苏姑姑蹲下再站起来东西却不见了,馒头她也不要。
哦,她要的不是馒头,是里面的东西。
是罗宣塞进去的纸条,还是定情信物?
“是单给我一个人的橘子吗?”
“是啊。”
不,不是的,这橘子是给苏姑姑的。
罗宣骗了他。
二皇子是坏人,罗宣听被迫他的话。
这没有关系,罗宣最是心软,只要他在罗宣面前多哭几次,他一定会心疼自己。
他会无视二皇子,站在自己的身边,与自已一起。
他早已经想好对策,可是罗宣为什么喜欢苏姑姑,他该怎么办?
苏姑姑有什么好,罗宣到底喜欢他什么?
那太监说喜欢就是看对眼,就是要在一起的意思。
他不是说过要跟自己在一起的吗?
为什么要喜欢上别人?
他好难受。
不行,罗宣是他的,如果罗宣走了,他就又剩下自己一个人,不会再有人像罗宣对他一样好了。
完
第22章
◎蝴蝶标本。

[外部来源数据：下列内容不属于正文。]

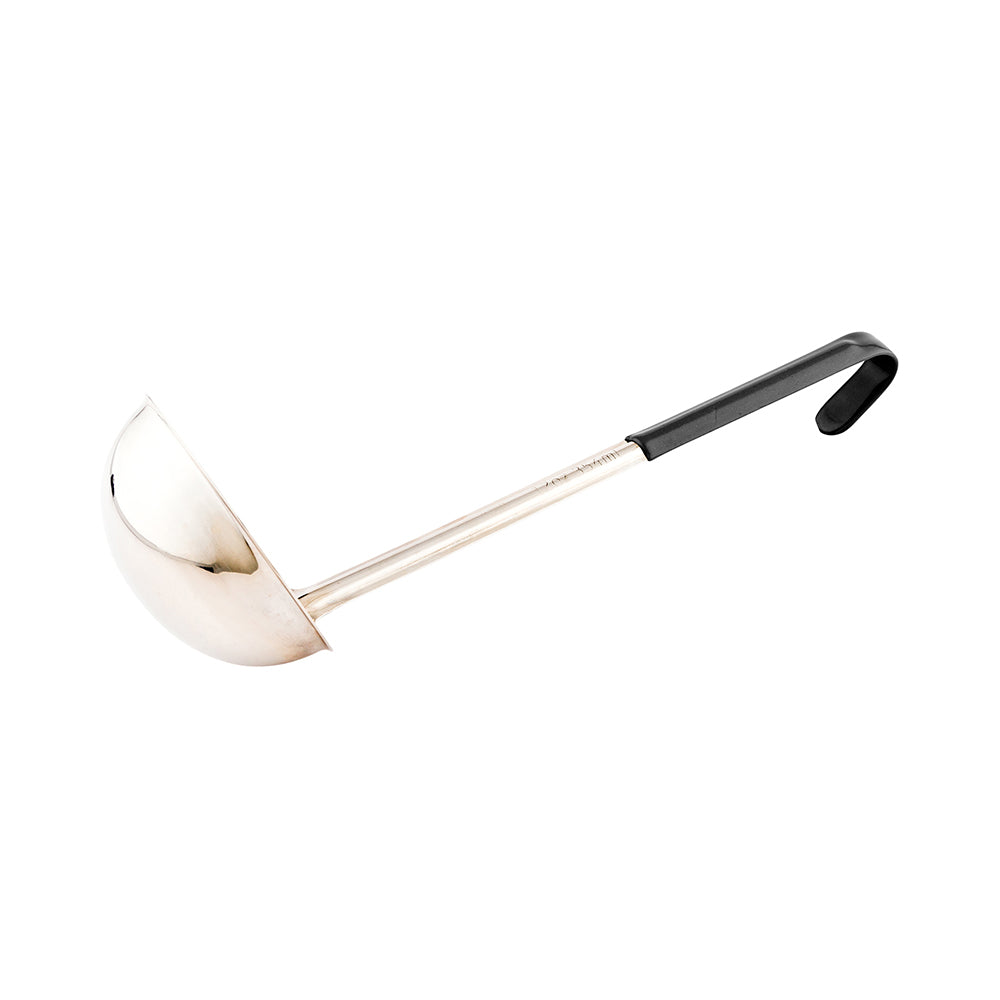 Met Lux 12 oz Stainless Steel Serving Ladle - with Black Handle - 15 1/2" - 1 count box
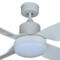 Breeze All White Ceiling Fan with Light	 44" - 44" (1120mm)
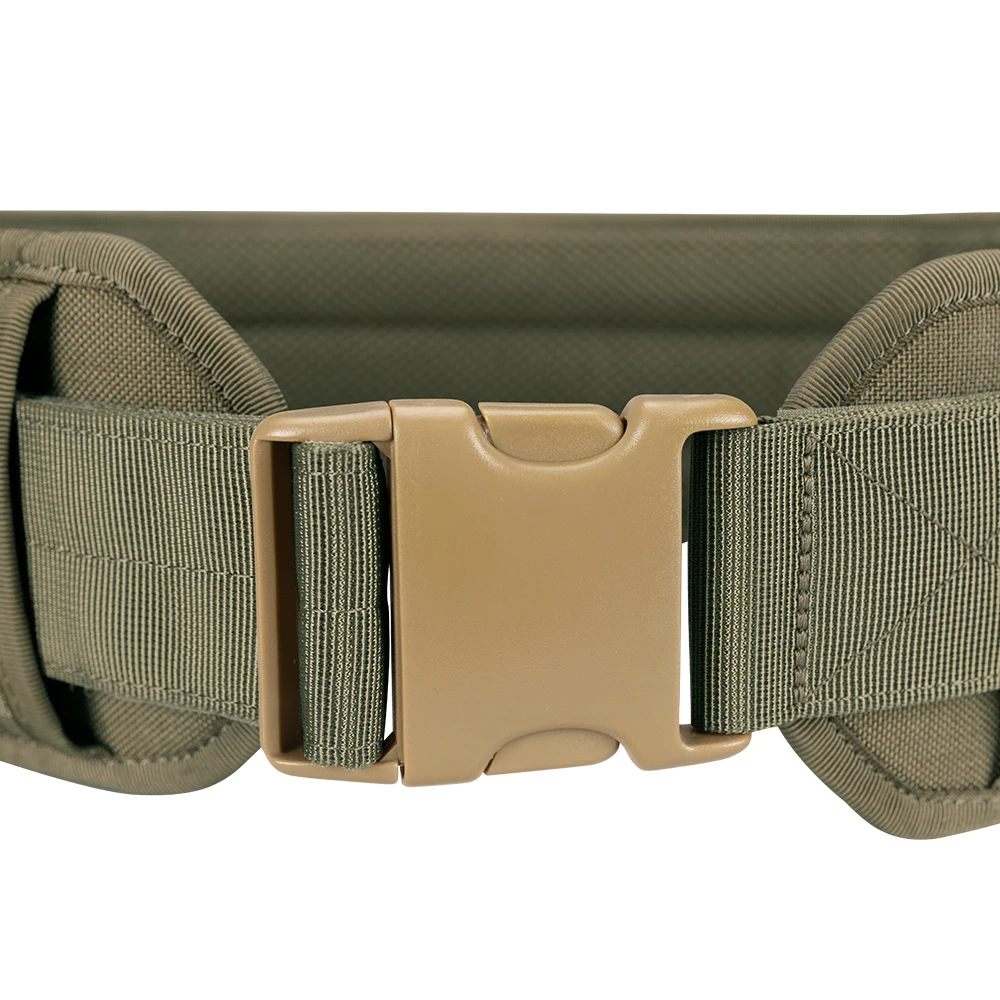 Tactical Battle Belt Adjustable Airsoft Waist Belt Quick Release Buckle Outdoor Hunting Paintball Padded Thickened Widened Waist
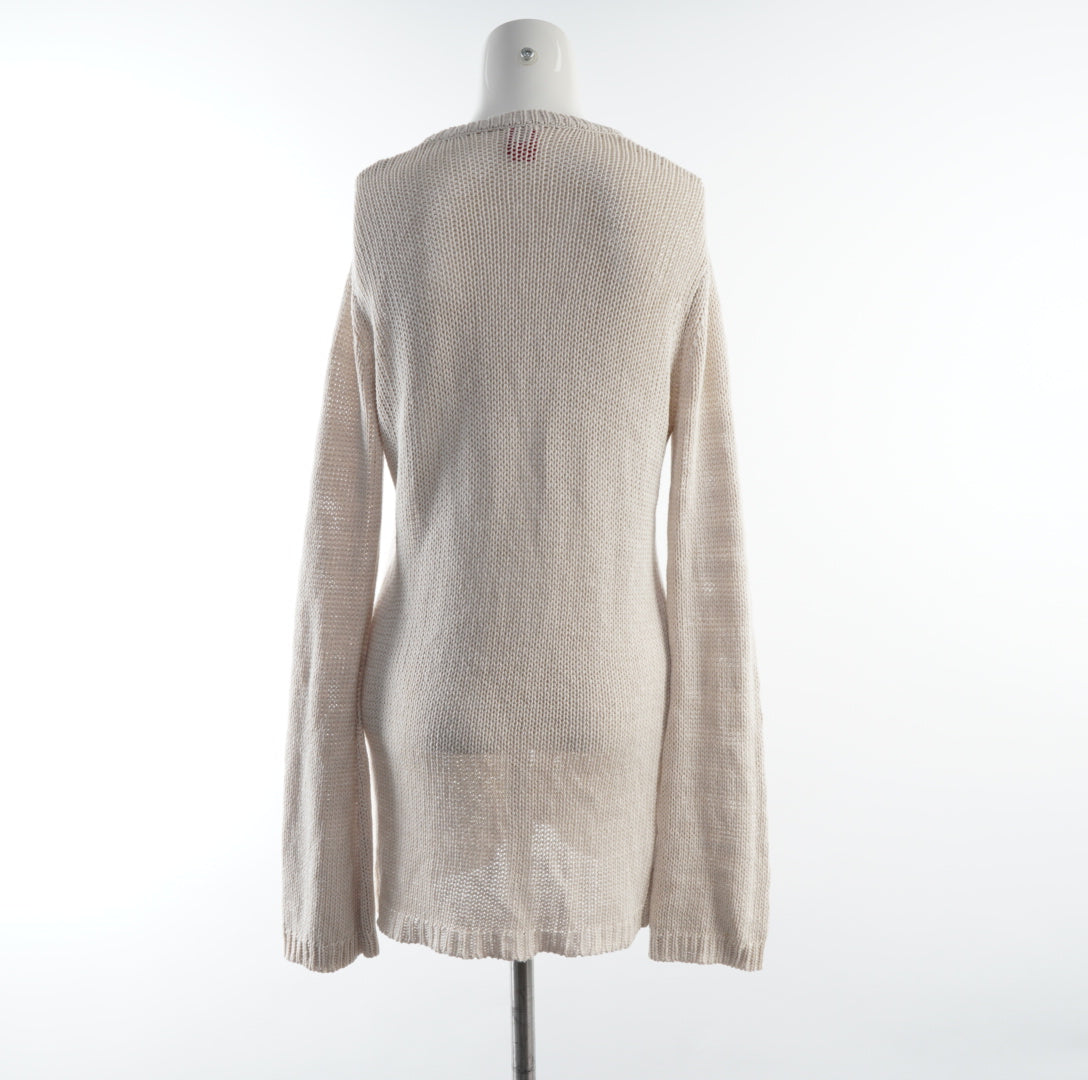 ESPRIT  Damen Cardigan - M, Beige, Größe M, Damen, Zustand Sehr Gut, Preis 4.5€ – Rückansicht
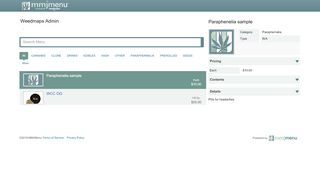 
                            8. Weedmaps Admin - Medical Marijuana Dispensary - mmjmenu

◎
容宛月第二日身上依旧难受,她特意去找了肖玉书,肖玉书看到她脖子和手臂上的风团也是吓了一跳,把脉问询之后判定她是吃了蚕蛹过敏的缘故。
这倒跟容宛月想的差不多,肖玉书开药让她回去涂抹,另外又给她两包草药煎服。
钱自然是没要,恰好容宛月见他的衣袖不知道被什么东西划破了,她自告奋勇要帮肖玉书来缝。
肖玉书本说不用,可容宛月已经去翻找针线,他便由着容宛月给自己缝补。
容宛月还向他打听宫外的事,她是想知道先太子现在怎么样,听说皇帝派了将军去,不知道结果到底怎么样。
肖玉书也了解不多,不过他也跟容宛月说了一些。
皇上毕竟已经坐稳江山将近八年的时间,先太子即使占着大义,也无法轻易撼动皇上的位置,这次大将军一战胜利,不过后来先太子这边来了援兵,两方现在对峙。
听说援兵也是江南的林姓大族,先太子身边新娶的太子妃就姓林,是已故太子妃的胞妹。
这么一说,容宛月明白了。
且不说先太子最后能不能胜利,即使最后他真的能够攻来京城,想接出丽妃母子,恐怕那个新太子妃不知道能不能容得下她。
难。
两人说着话,容宛月思想跑偏,等她醒过神来,发现肖玉书一言难尽地盯着她。
她居然把外面的长袍与里面的中衣缝在了一起,她就说颜色怎么不太统一呢。
她忙剪掉重新缝合,这次倒是顺利,只不过缝合的地方像一只蜈蚣,实在不雅,倒不如不缝得好。
“好像挺难看的。”容宛月自己都看不下去了。
肖玉书禁不住笑:“没事,还要多谢你。”
容宛月更不好意思了,从生药库出来之后,她想着自己这手艺找时间可得练一练,要不然太丢人。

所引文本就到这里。